■ ACTIVITY
State how many lines in the listing below contain the word "more", with no other words.

■ RECORDS FOR THE EXERCISE
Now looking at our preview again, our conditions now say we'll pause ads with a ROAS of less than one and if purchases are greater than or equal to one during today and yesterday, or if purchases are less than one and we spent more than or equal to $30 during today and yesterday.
---
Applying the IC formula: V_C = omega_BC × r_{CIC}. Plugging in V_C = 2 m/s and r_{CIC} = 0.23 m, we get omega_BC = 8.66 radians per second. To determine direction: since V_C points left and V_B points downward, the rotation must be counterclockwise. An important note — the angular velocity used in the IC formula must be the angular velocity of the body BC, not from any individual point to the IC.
* * *
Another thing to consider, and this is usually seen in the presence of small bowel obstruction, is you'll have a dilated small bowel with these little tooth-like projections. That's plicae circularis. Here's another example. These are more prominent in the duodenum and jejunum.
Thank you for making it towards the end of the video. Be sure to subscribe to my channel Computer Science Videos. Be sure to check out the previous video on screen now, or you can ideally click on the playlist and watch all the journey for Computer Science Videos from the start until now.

■ RESULT BELOW
2